EXERCISE GOAL. Every line of the data below must be output exactly, with images left out.
**** SUPPLIED DATA
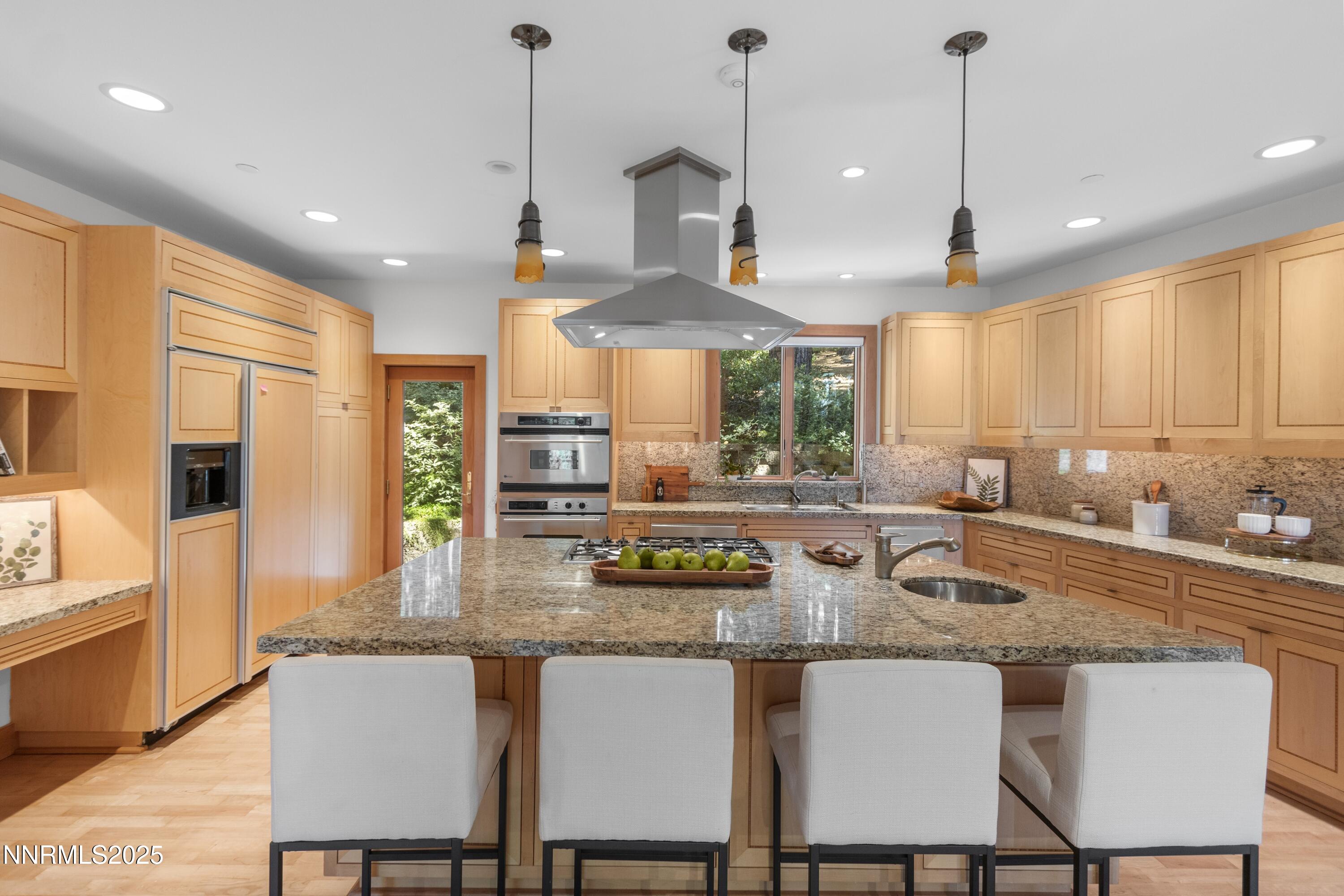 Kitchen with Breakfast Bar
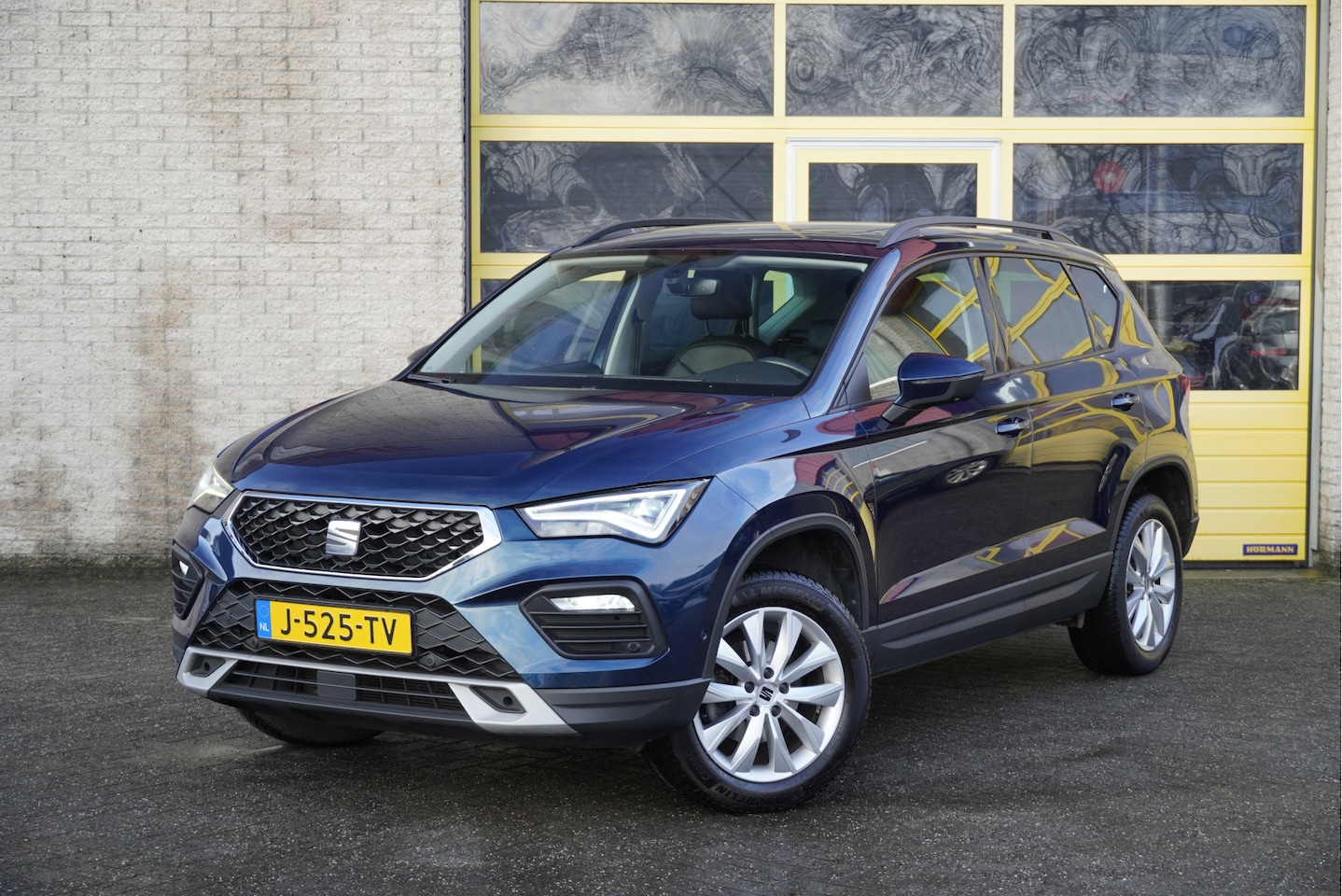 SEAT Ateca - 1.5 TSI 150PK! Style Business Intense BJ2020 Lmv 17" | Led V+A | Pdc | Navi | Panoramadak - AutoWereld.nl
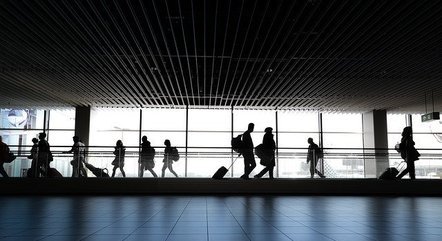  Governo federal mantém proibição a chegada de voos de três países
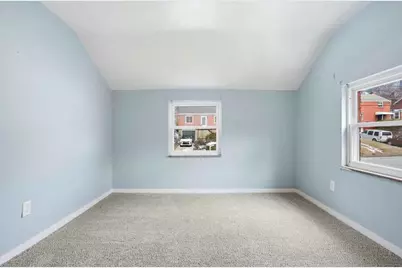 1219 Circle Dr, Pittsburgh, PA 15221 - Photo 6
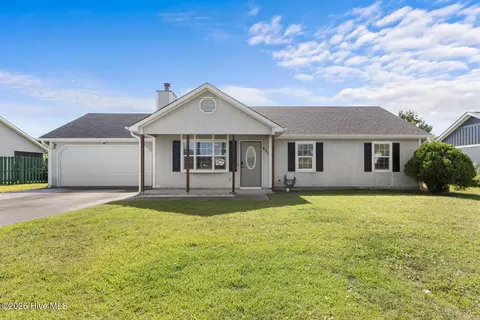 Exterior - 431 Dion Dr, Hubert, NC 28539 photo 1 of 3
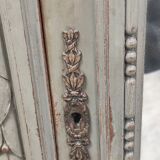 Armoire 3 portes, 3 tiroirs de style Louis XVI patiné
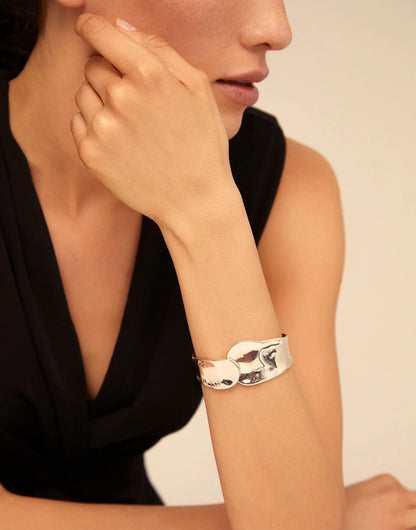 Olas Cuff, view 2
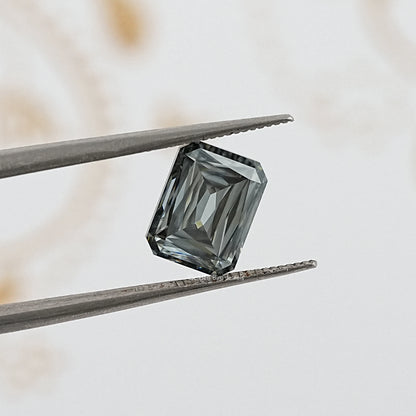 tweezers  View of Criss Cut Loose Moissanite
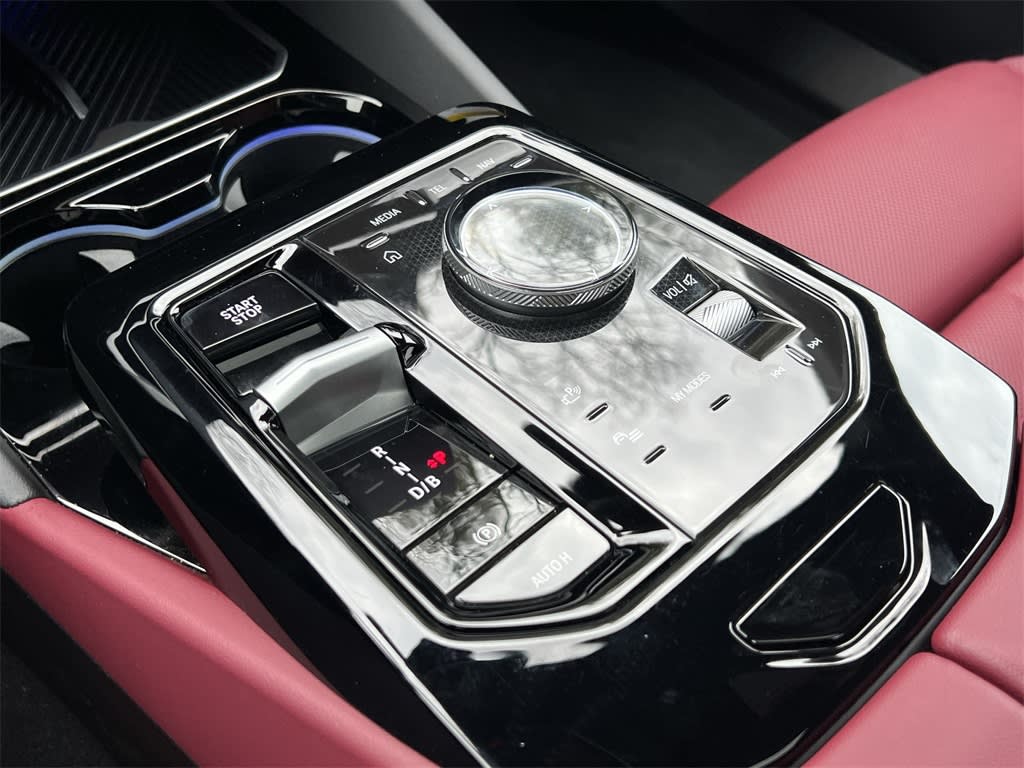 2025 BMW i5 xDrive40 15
********
SOLUTION FOR THIS PROBLEM.
 Kitchen with Breakfast Bar
 SEAT Ateca - 1.5 TSI 150PK! Style Business Intense BJ2020 Lmv 17" | Led V+A | Pdc | Navi | Panoramadak - AutoWereld.nl
  Governo federal mantém proibição a chegada de voos de três países
 1219 Circle Dr, Pittsburgh, PA 15221 - Photo 6
 Exterior - 431 Dion Dr, Hubert, NC 28539 photo 1 of 3
 Armoire 3 portes, 3 tiroirs de style Louis XVI patiné
 Olas Cuff, view 2
 tweezers  View of Criss Cut Loose Moissanite
 2025 BMW i5 xDrive40 15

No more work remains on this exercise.